The UE communication interface 415 may include a transceiver that communicates with other components of the telecommunications network 100, such as, e.g., the data network 145, the RAN 130, including, e.g., the RU(s) 131, DU(s) 132, or CU(s) 133, etc. over one or more communication networks or connections. The UE electronic processor 405 includes one or more processors (e.g., one or more microprocessors, one or more application-specific integrated circuits (ASICs), and/or one or more other suitable electronic device for processing data), and the UE memory 410 includes a non-transitory, computer-readable storage medium. The UE electronic processor 405 is configured to retrieve instructions and data from the UE memory 410 and execute the instructions.

For example, as illustrated in FIG. 4, the UE memory 410 may store a push-to-talk (PTT) application 420. The PTT application 420 is a software application executable by the UE electronic processor 405 in the example illustrated and as specifically discussed below, although a similarly purposed module can be implemented in other ways in other examples. In some configurations, the PTT application 420 may be a dedicated software application locally stored in the UE memory 410 of the UE 110. As described in greater detail herein, the PTT application 420 (when executed by the UE electronic processor 405) may enable or facilitate PTT functionality (e.g., controlling the capture and transmission of audio data) in accordance with the technology disclosed herein.

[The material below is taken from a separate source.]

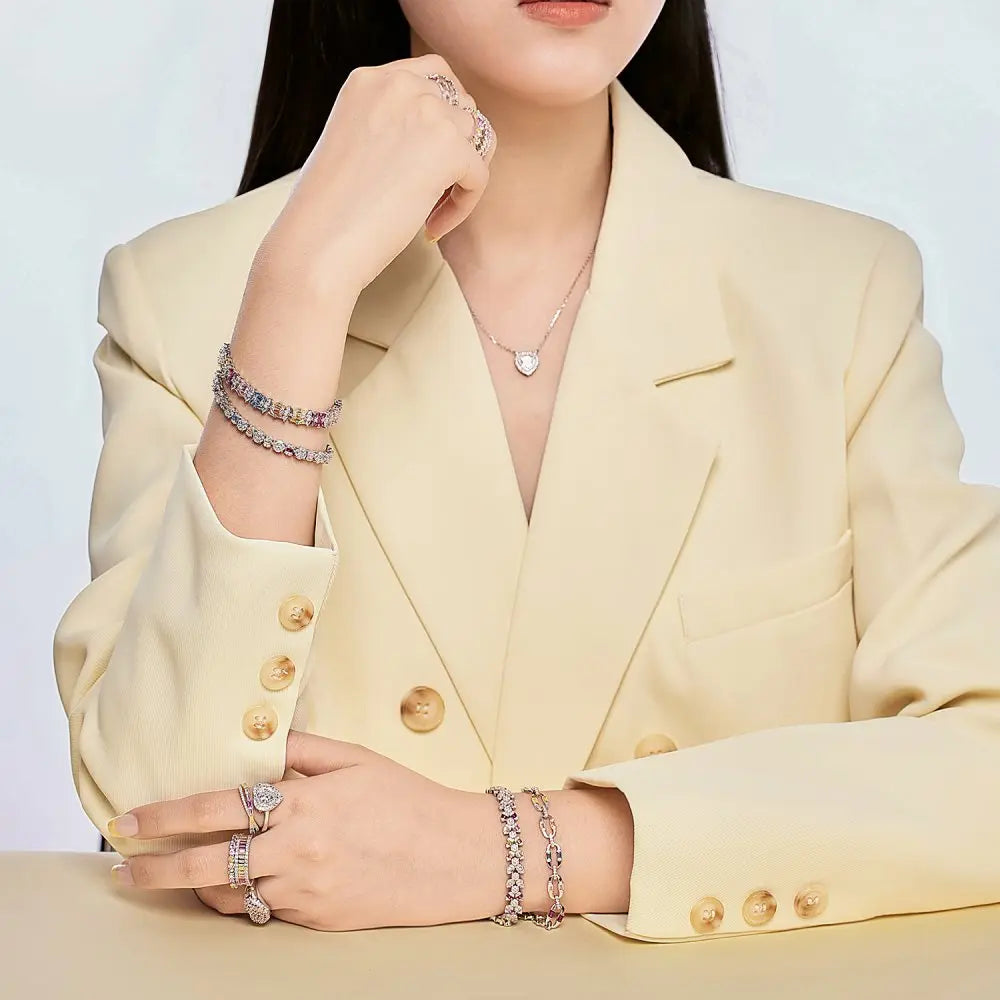 Silver Zircon Baguette Cut Sunflower Tennis Bracelet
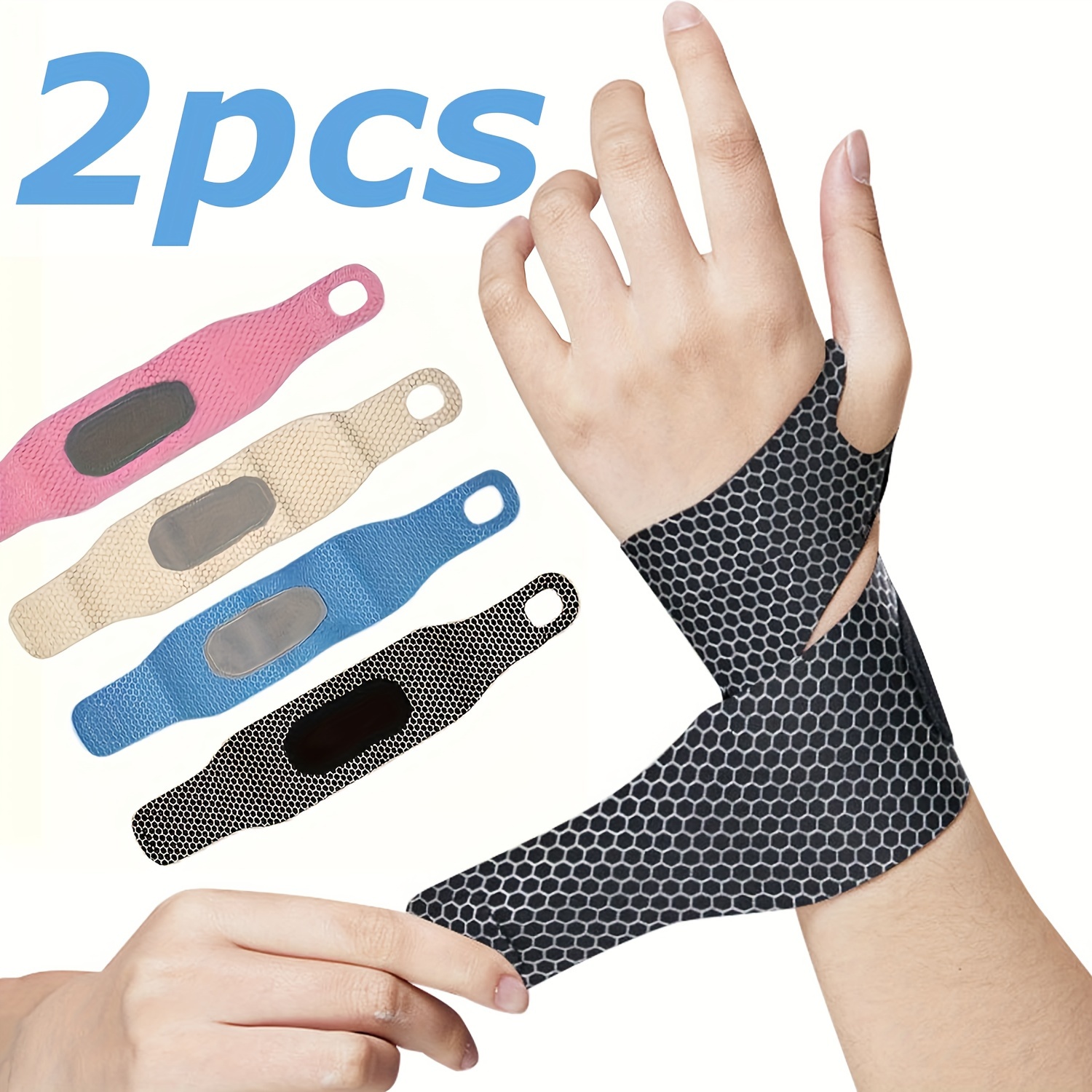 

2pcs Breathable Wrist Wraps For Women & Men - Elastic Adjustable Comfortable Hand Braces For Right And Left Hands - Lightweight Compression And Support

The UE memory 410 may include additional, different, or fewer components in different configurations than illustrated in FIG. 4. Alternatively, or in addition, in some configurations, one or more components of the UE memory 410 may be combined into a single component, distributed among multiple components, or the like. Alternatively, or in addition, in some configurations, one or more components of the UE memory 410 may be stored remotely from the UE 110, or, in a remote database, another server, a remote user device, an external storage device, or the like.

As illustrated in FIG. 4, the UE 110 may include the HMI 435 for interacting with a user. The HMI 435 may include one or more input devices, one or more output devices, or a combination thereof. Accordingly, in some configurations, the HMI 435 allows a user to interact with (e.g., provide input to and receive output from) the UE 110. For example, the HMI 435 may include a keyboard, a cursor-control device (e.g., a mouse), a touch screen, a scroll ball, a mechanical button, a display device (e.g., a liquid crystal display (“LCD”)), a printer, a speaker, a microphone, etc.

In the illustrated example of FIG. 4, the HMI 435 includes a display device 440, a microphone 445, and a PTT button 450. The display device 440 may be included in the same housing as the UE 110 or may communicate with the UE 110 over one or more wired or wireless connections. As one example, the display device 440 may be a touchscreen included in a cellular phone, a smart wearable, a laptop computer, a tablet computer, etc. As another example, the display device 440 may be a monitor, a television, or a projector coupled to a terminal, desktop computer, or the like via one or more cables.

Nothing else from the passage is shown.